Scandal-hit German payments firm Wirecard AG said on Monday that 1.9 billion euros ($2.13bn) – about a quarter of its assets – that auditor EY has been unable to account for likely did not exist in the first place.

The company, whose stock price has plummeted 75 percent since EY refused to sign off its 2019 accounts last week, also said it has withdrawn its preliminary 2019 and first-quarter 2020 financial results as well as forecasts.

“The Management Board of Wirecard assesses on the basis of further examination that there is a prevailing likelihood that the bank trust account balances in the amount of 1.9 billion EUR do not exist,” the company said in a statement.

The development comes after Chief Executive Officer Markus Braun quit on Friday, with the company scrambling to secure a financial lifeline from its banks while its search for the money hit a dead end in the Philippines.

The Philippines’ central bank, Bangko Sentral ng Pilipinas, said none of the money appeared to have entered the country, after Bank of the Philippine Islands (BPI) and BDO Unibank Inc said documents purporting to show Wirecard had deposited funds with them were false. Both said Wirecard was not a client.

BPI, however, told the Reuters news agency it had suspended an assistant manager whose signature appeared on one of the fraudulent documents. BDO told the central bank one of its marketing officers appeared to have fabricated a bank certificate.

“The central bank is actually doing its own investigation,” Bangko Sentral Governor Benjamin Diokno told channel ANC on Monday. “To the extent we are very strict on knowing our clients, I think we should also be strict in knowing the officers of the bank.”
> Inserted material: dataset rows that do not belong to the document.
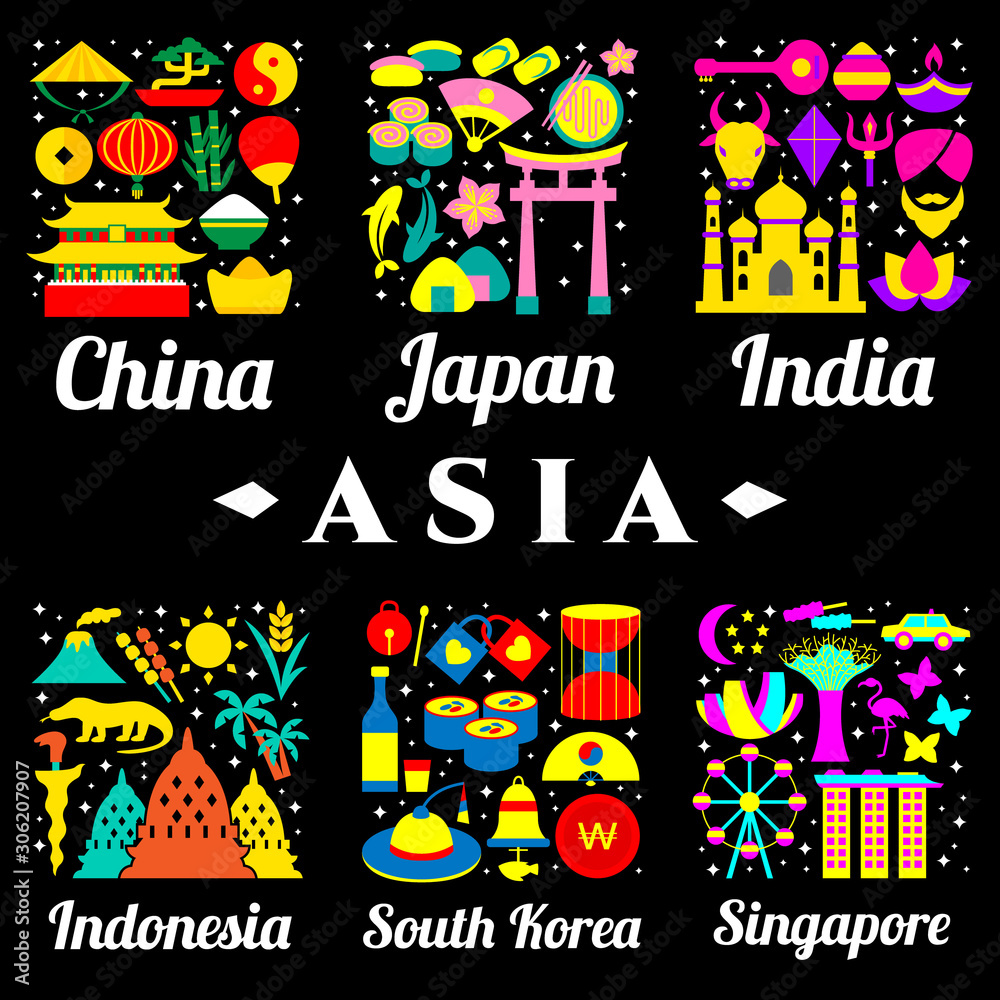 Asia Country logos with icons that are representing the country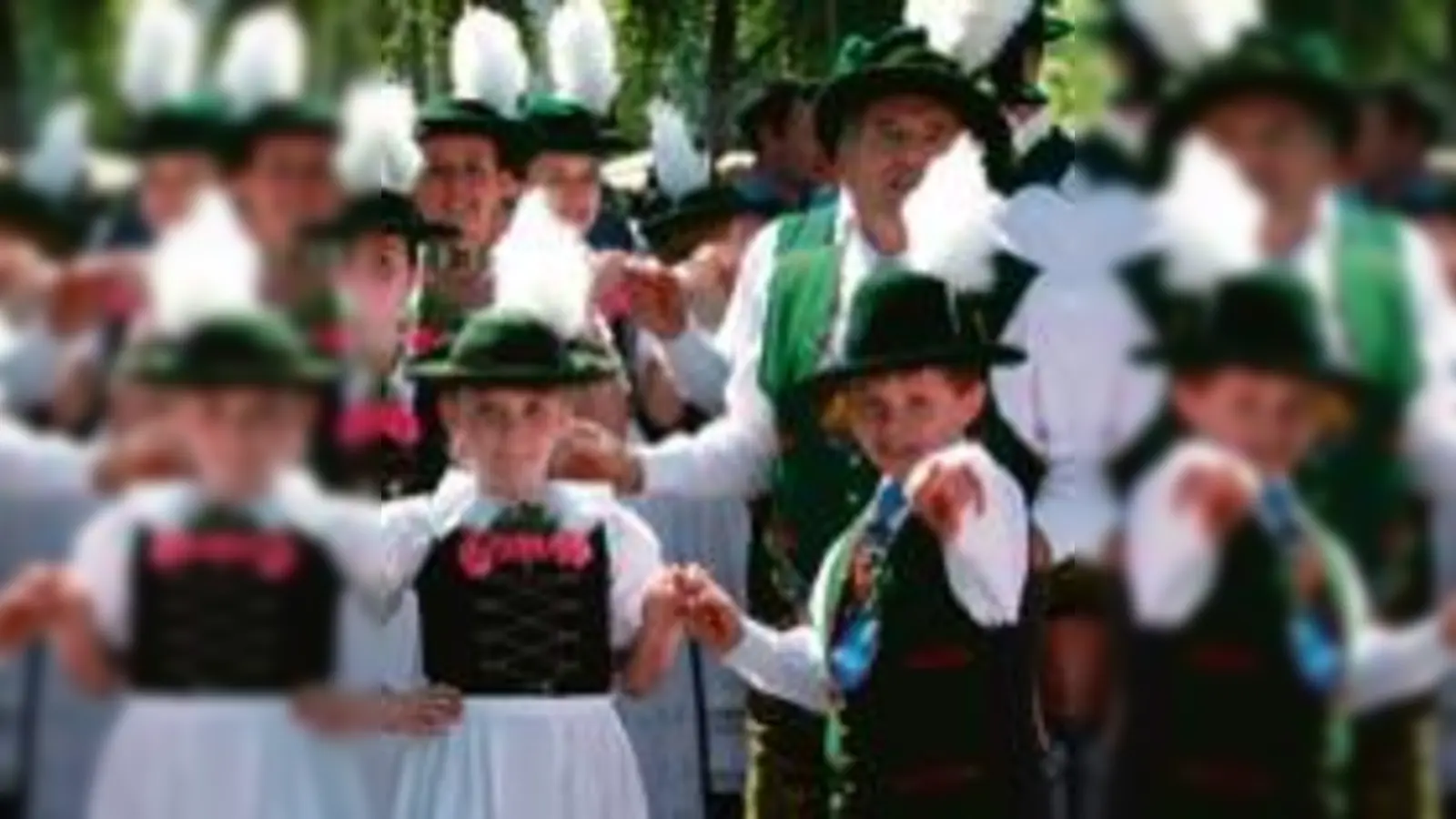 Zeigten den Bandeltanz und  (Foto: Die Trachtengruppe der »Würmbachtaler« beim Maibaumfest.)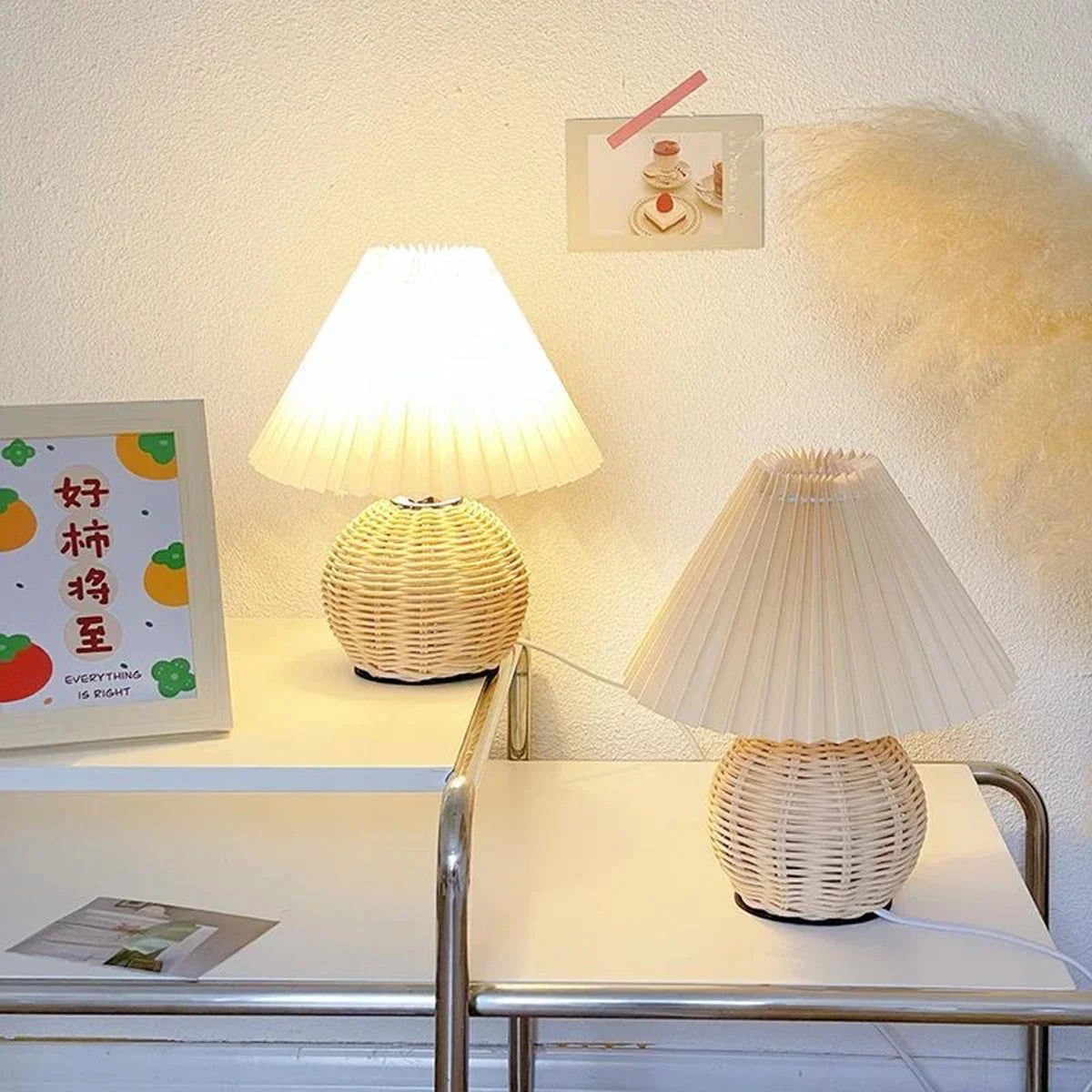 Vintage-Inspired USB LED Bedside Lamp with Pleated Shade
Munich-based Wirecard has been lauded as a home-grown financial technology success and was propelled into Germany’s blue-chip DAX stock index in 2018 at the expense of Commerzbank AG.

On Thursday, it said auditor EY refused to sign off its 2019 accounts as it was unable to confirm the existence of 1.9 billion euros in cash balances in trust accounts, representing about a quarter of Wirecard’s balance sheet.

EY had regularly approved Wirecard’s accounts in recent years, and its refusal to sign off for 2019 confirmed failings found in an external investigation by KPMG in April, which in turn followed probing reports by the Financial Times.

Wirecard, which has been a target of investors questioning its financials, on Friday said it might be the victim of “fraud of considerable proportions”.

On Monday, it said it is examining a range of measures to ensure continued operations, including cost reduction, restructuring, disposal or termination of business units.